2. Supplementary Angles:
Two angles whose sum is 180° (that
is, one straight angle) are called supplementary angles and one is called the supplement of the other.
Here, ∠PQR = 50° and ∠RQS = 130°
∠PQR + ∠RQS = 180° Hence, ∠PQR and ∠RQS are called supplementary angles and ∠PQR is
supplement of ∠RQS and ∠RQS is supplement of ∠PQR.
For Example:
(i) Angles of measure 100° and 80° are supplementary angles because 100° + 80° = 180°.
Thus the supplementary angle of 80° is the angle of measure 100°.
(ii) Supplement of - 55° is 180° - 55° = 125°
(iii) Supplement of 95° is 180° - 95° = 85°
(iv) Supplement of 135° is 180° - 135° = 45°
(v) Supplement of 150° is 180° - 150° = 30°
Working rule: To find the supplementary angle of a given angle, subtract
the measure of angle from 180°.
So, the supplementary angle = 180° - the given angle.
3. Adjacent Angles:
Two non – overlapping angles are said to be adjacent angles if they have:
(a) a common vertex
(b) a common arm
(c) other two arms lying on opposite side of this common arm, so that their interiors do not overlap.
In the above given figure, ∠AOB and ∠BOC are non – overlapping, have OB as the common arm and O as the common vertex.
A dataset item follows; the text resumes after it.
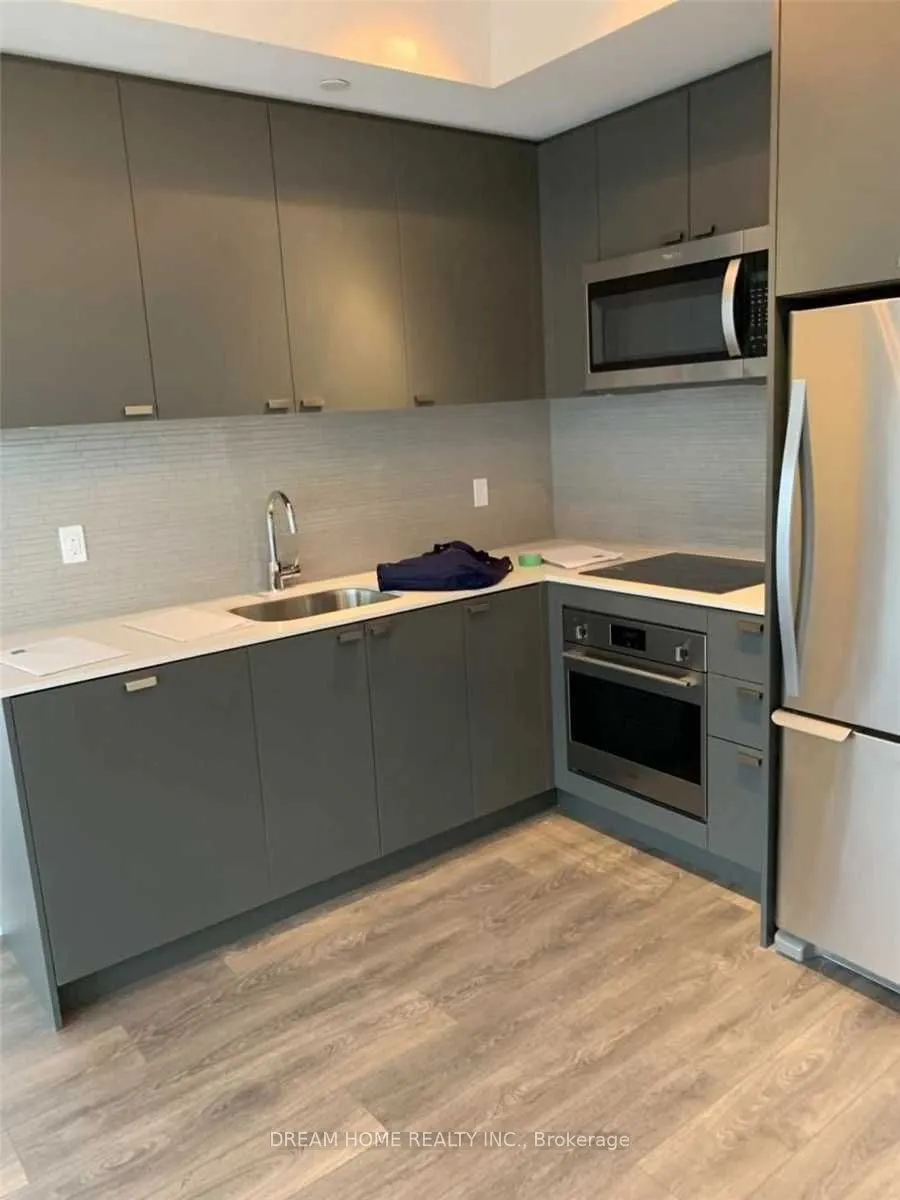 56 Forest Manor Road, #1107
The other arms OC and OA of the angles ∠BOC and ∠AOB are an opposite sides, of the common arm OB.
Hence, the arm ∠AOB and ∠BOC
form a pair of adjacent angles.
4. Vertically Opposite Angles:
Two angles formed by two intersecting lines having no common arm are called vertically opposite angles.
In the above given figure, two lines \(\overleftrightarrow{AB}\) and \(\overleftrightarrow{CD}\) intersect each other at a point O.
They form four angles ∠AOC, ∠COB, ∠BOD and ∠AOD in which ∠AOC and ∠BOD are vertically opposite angles. ∠COB and ∠AOD are vertically opposite angle.
∠AOC and ∠COB, ∠COB and ∠BOD, ∠BOD and ∠DOA, ∠DOA and ∠AOC are pairs of adjacent angles.
Similarly we can say that, ∠1 and ∠2 form a pair of vertically opposite angles while ∠3 and ∠4 form another pair of vertically opposite angles.
When two lines intersect, then vertically opposite angles are always equal.
∠1 = ∠2
∠3 = ∠4
5. Linear Pair:
Two adjacent angles are said to form a linear pair if their sum is 180°.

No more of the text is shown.